完璧主義の敦賀さんが、途中で役を放棄するなんて・・・それに、敦賀さんの瞳が熱に侵されて潤んでる時みたいに熱くて、どこかせつなそうな表情だった。

まるで私に許しでも乞うような・・・

私自身も、もしこのまま役のままで抱かれたら・・そう思うとすごく不安で、なぜか悲しい気分になっていた。だから、芝居を終わりにしようと言われた時、すごく安心して、うれしかったから、素直に“はい”って返事することができた。
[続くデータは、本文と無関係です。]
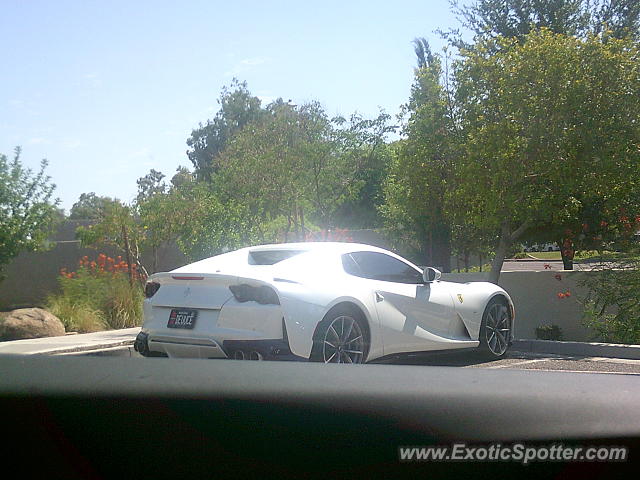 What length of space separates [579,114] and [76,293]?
11265 millimetres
返事を聞くや否や、再び私の唇をふさいで、さっきよりももっと激しく、私の口腔内を蹂躙し始めた。
その行為はいつも行われるそれとは比べ物にならないほど激しくて、息つく暇もないくらい・・・。

唾液を貪るように彼に奪われたかと思うと、今度はそれが波のように私の口腔内に流れ込んでくる。飲み込み切れなかったそれが私の口角からあふれ出して、のど元を濡らしていく。
すると、それさえも逃さないとでも言うように、彼の舌がそれを追いかけていく。
そうしている間も、彼の両手は動きを止めることはなくて、右手は私の髪やほおを優しく撫でさすっているし、左手は私の胸の形をなぞっている。
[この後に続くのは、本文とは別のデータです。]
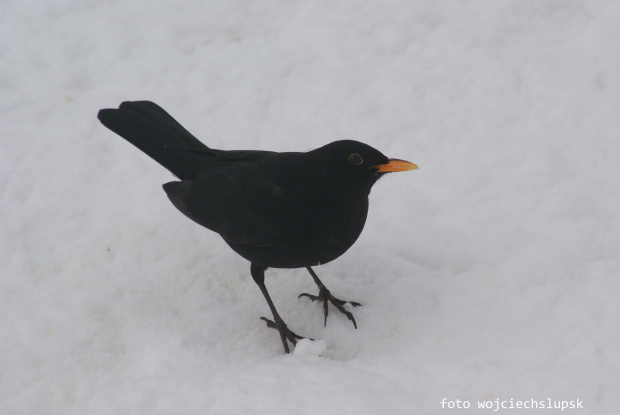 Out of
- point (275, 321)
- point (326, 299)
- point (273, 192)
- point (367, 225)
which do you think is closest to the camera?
point (273, 192)

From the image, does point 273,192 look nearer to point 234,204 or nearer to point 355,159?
point 234,204

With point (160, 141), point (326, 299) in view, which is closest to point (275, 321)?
point (326, 299)

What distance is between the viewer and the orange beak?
341cm

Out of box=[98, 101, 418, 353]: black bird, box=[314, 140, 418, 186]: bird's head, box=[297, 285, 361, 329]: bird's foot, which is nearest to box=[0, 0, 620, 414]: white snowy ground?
box=[297, 285, 361, 329]: bird's foot

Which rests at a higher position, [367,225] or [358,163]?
[358,163]

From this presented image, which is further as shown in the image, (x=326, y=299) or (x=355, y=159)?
(x=326, y=299)

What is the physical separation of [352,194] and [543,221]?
1409 mm

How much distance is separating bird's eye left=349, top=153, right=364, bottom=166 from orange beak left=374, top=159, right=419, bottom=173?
96 millimetres

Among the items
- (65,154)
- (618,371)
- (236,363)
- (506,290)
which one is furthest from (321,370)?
(65,154)

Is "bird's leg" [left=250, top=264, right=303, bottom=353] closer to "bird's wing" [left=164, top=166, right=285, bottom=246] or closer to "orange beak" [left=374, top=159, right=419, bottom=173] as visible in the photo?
"bird's wing" [left=164, top=166, right=285, bottom=246]

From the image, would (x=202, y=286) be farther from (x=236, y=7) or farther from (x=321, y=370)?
(x=236, y=7)

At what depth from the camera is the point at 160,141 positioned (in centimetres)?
410

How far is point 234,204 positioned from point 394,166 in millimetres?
1000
その動きはひどく優しくて、決して私を傷つけないように気遣ってくれているのがよくわかるから、それがすごく嬉しくて、そしてほんの少しもどかしい気分にさせる。
だから、それまで、ミイラとしてただじっとその行為を受け入れるだけで、動かさずにいた両手を、敦賀さんの首に巻きつけて、思わず、


「もっと・・酷くしても大丈夫ですよ?私は簡単には壊れたりしませんから・・・だから、もっとたくさん、敦賀さんをください」


って、お願いしていた。


「キョーコ・・」


びっくりした目で私を覗き込んでくる敦賀さん。

本当にそんなことしていいの?って、聞いているような顔をしていたから、


「私も・・思っていたんです。敦賀さんと一つに溶け合えたら・・って。だから、敦賀さんがこんな風に私を求めてくれるのが、凄く嬉しいんです。こんなの、破廉恥だって思います・・よね・・・?」

「そんなことない!凄く・・凄く嬉しいよ、キョーコ。でも、どうしよう。そんなことを言われたら、歯止めが利かなくなってしまうかもしれない。それでも・・君を抱きたいんだ。」

「はい。」

「痛かったら、俺の背中に爪を立ててくれる?君の痛みを、俺も感じて一つになりたいんだ。君と一つになりたいけど、どうしても君を傷つけてしまうから、せめて痛みだけでも分かち合いたいんだ。」

「大丈夫ですよ。傷つけられても、それで敦賀さんと一つになれるのなら、本望です。」


そう答えると、とびきりの優しい笑顔で、敦賀さんが囁いた。


「キス、してもいい?」


それは一つになるための行為が開始される言葉―――。


私は素直に頷いた。




Fin.

の、その後は皆様のご想像にお任せしますv←あ、逃げたw



***

ハロウィンものなのに…11月に入ってからのUPですよ。トホホ
オトナの・・とか言いながら18禁ではありませんでしたねw要望があればそっちもUPするかも?

ほぼ1カ月に1度の更新になっているのですが、こんなカメブログに足を運んで下さる皆様はホント、ネ申ですよ。